/ensLoss

EnsLoss: Stochastic Calibrated Loss Ensembles for Preventing Overfitting in Classification

Primary LanguagePythonMIT LicenseMIT

🔂 EnsLoss: Stochastic Calibrated Loss Ensembles for Preventing Overfitting in Classification

Tweet Linkedin Python PRs Welcome

Empirical risk minimization (ERM) with a computationally feasible surrogate loss is a widely accepted approach for classification. Notably, the surrogate loss is not arbitrary, typically requiring convexity and calibration (CC) properties to ensure consistency in maximizing accuracy.

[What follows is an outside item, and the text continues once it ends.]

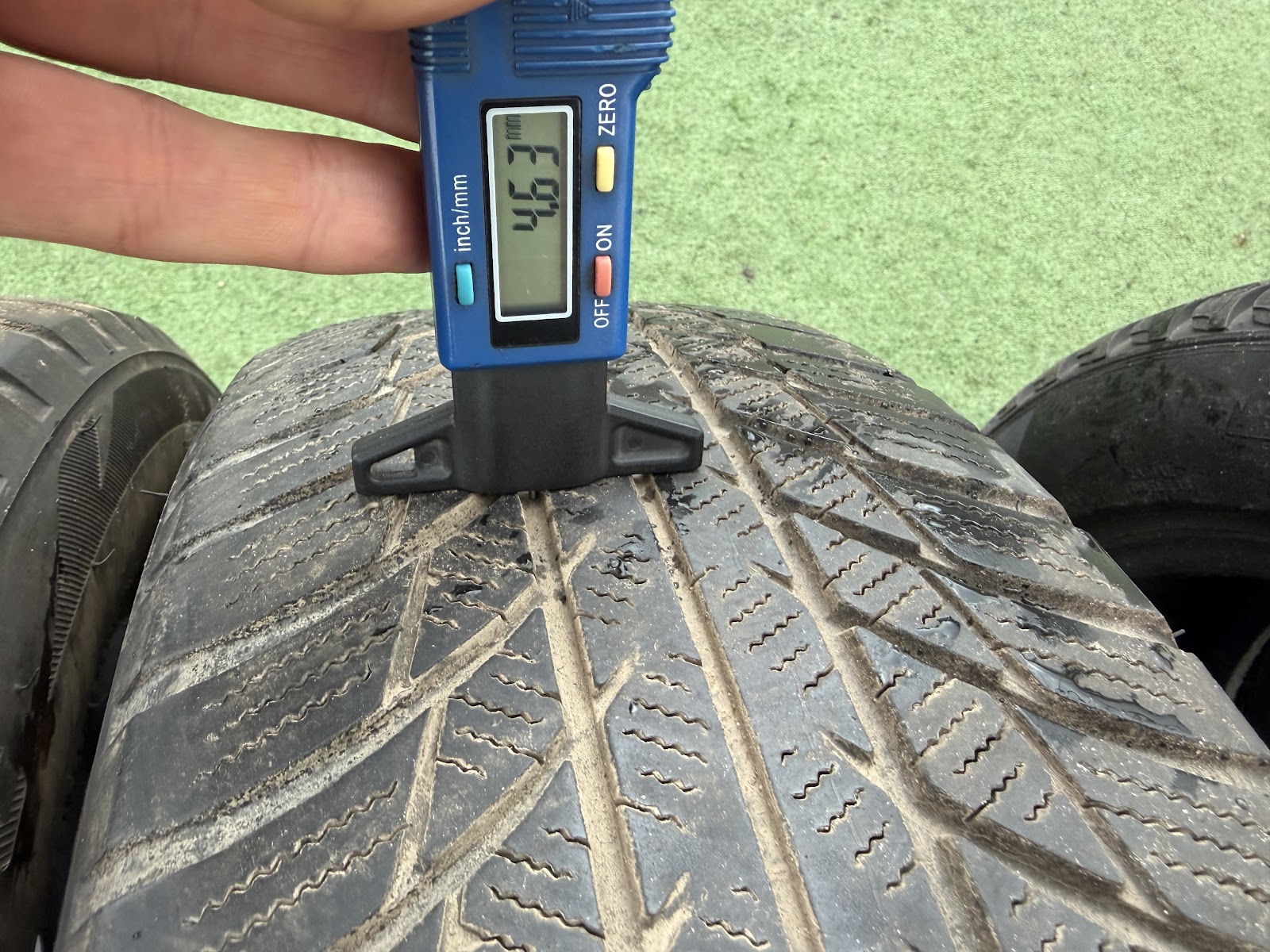 Bridgestone 185/60 R16 - Image 2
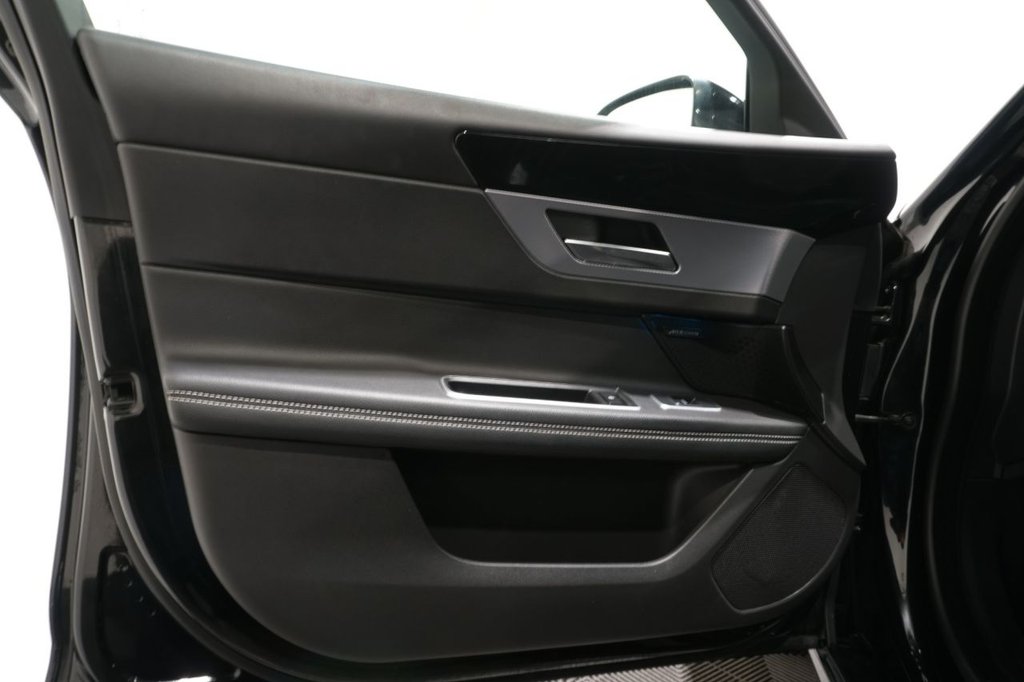 Used Jaguar XF 2017 for sale - 77027289: Photo 31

In this project, we propose a novel loss ensemble method, namely EnsLoss, which extends the ensemble learning concept to combine losses within the ERM framework. Unlike existing ensemble methods, our method distinctively preserves the "legitimacy" of the combined losses, i.e., ensuring the CC properties.

This repo describes a set of experiments that demonstrate the performance of the proposed EnsLoss method compared with existing methods based on a fixed loss function, and also assess its compatibility with other regularization methods.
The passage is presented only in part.